Opera Software ASA, the Norwegian software company, best known for the Opera family of web browsers, could be sold to a consortium of Chinese companies at a price tag of $1.2 billion.
This news first surfaced as just rumors that the board and shareholders were contemplating accepting a takeover by the consortium of Chinese firms. However, it would appear that a section of company’s management is not particularly thrilled about the acquisition. In fact, should the takeover not take place, they will not be disappointed.
Opera is perhaps falling victim to its own success. It grew up to become a big enough software company that it went public. While that means more capital to finance further growth and to enter more world markets, it also means that the shareholders get the power to influence the company’s direction. The founders and management get little to no say in the matters, especially if they became the minor shareholders in the business they founded.

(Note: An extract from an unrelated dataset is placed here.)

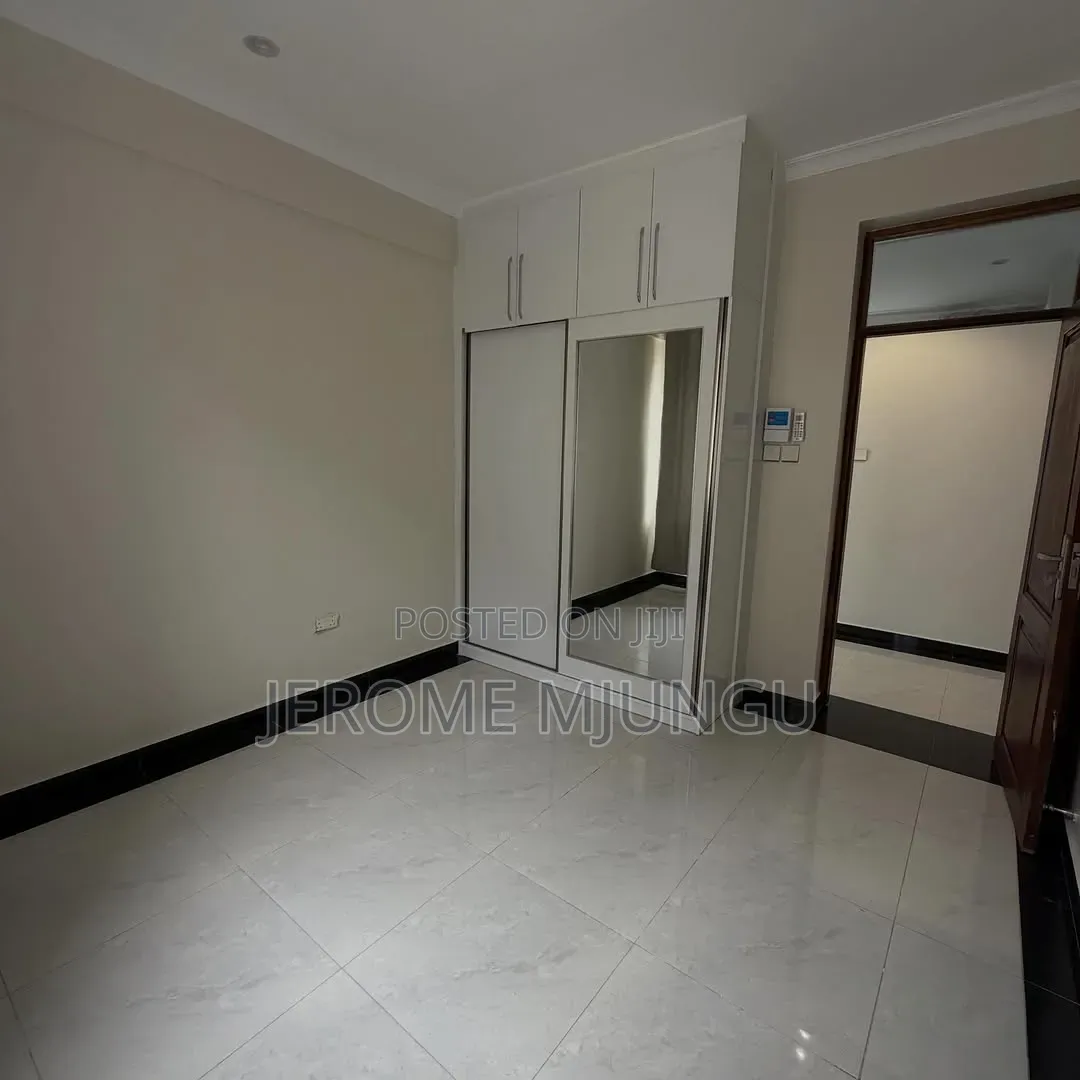 3bdrm Apartment in Msasani for rent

During a sit down with TechCrunch’s Frederic Lardinois at the Mobile World Congress in Barcelona, Lar Boilesen the CEO and Håkon Wium Lie the CTO of Opera had a candid interview.
The elephant in the room was, of course, the proposed sale of Opera to the consortium of Chinese companies. Both Boilesen and Wium Lie were stressing on the fact that the acquisition has not yet gone through, and if it never goes through. They will not lose sleep over it.
“I have been working for Opera since ’99, Håkon ’98,” said Boilesen. “He’s no.8; I’m no.16. We’ve been with Opera for many years. We got listed on the Stockholm stock exchange in 2004. So basically, the shareholders; they decided to initiate this process. It was kind of their decision. It wasn’t our decision.”
Wium Lie added: “If you are listed on the stock exchange, you have to be prepared for this kind of stuff. Anybody can buy you. We benefitted from that system and now…you know…”
Boilesen said, “We are not big shareholders. We know what it’s like to be on the stock exchange, so basically we just started the process. We are the ones who have to work with the interested parties… We worked with them; that was kind of interesting. We kind of did that.
There were all kinds of things there from private equity firms that want to get the cost down; but they would’ve closed down the firm in four years and we’re not super interested in that. We still want more people to use our software. That’s what we are passionate about.”